If Vice President Al Gore could bronze beloved former Treasury Secretary Bob Rubin and hang him like a mezuza around his neck, he probably would, and you could hardly blame him. In case you haven't read the papers lately, the U.S. economy is in pretty good shape -- especially compared with the last time a guy named Bush was in the White House.
On Tuesday afternoon at the New York Historical Society on the Upper West Side of Manhattan, the vice president strode out with Rubin to remind voters that he had something to do with the state of the economy.
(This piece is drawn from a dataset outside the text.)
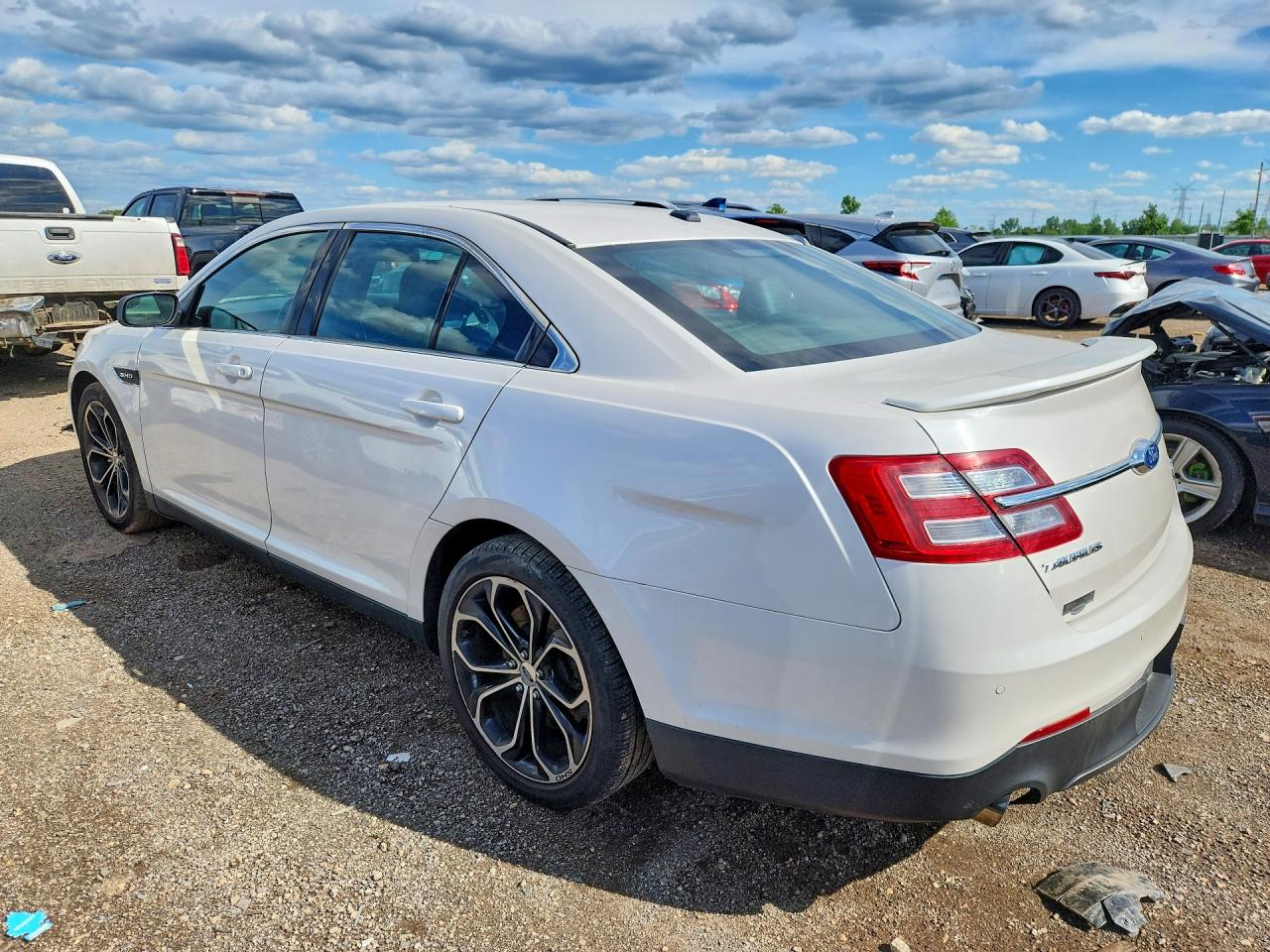 2015 Ford Taurus Sho White vin: 1FAHP2KT6FG179250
Rubin -- former CEO of investment firm Goldman Sachs & Company, former head of the Clinton administration's National Economic Council and Treasury secretary for four and a half years -- did his part to vouch for him.
"The vice president was deeply involved in every major economic decision we made," he assured the Democratic crowd in his introduction, saying Gore was a major proponent of the 1993 deficit-reduction package -- even casting the tiebreaking vote for the bill in the Senate. Rubin argued that Gore's advocacy for fiscal discipline, free-trade initiatives such as NAFTA and GATT and measures that "invest in our people" steered the country on the "right path."
"The question now before us," Rubin asked, "is whether we want to keep moving forward with the strategy that worked so well --"
"YES!" a woman in the audience cried, prompting cheers and laughter.
"You need to travel around with the vice president," Rubin quipped. For whatever reason, polls indicate that the vice president doesn't get much credit for our economic well-being, at least not as much as he would like.
Recent polls still have him trailing Texas Gov. George W. Bush, and a Bloomberg poll from May 25 to June 4 indicated voters think Bush would do a better job with the economy as president than Gore, by a 42 percent to 39 percent margin. The difference is within the margin of error, but the fact that Bush is even competitive on this issue is surprising. And it was the reason for today's speech, as well as the veep's three-day "prosperity and progress" tour from New York to Scranton, Penn., and Cincinnati, Ohio.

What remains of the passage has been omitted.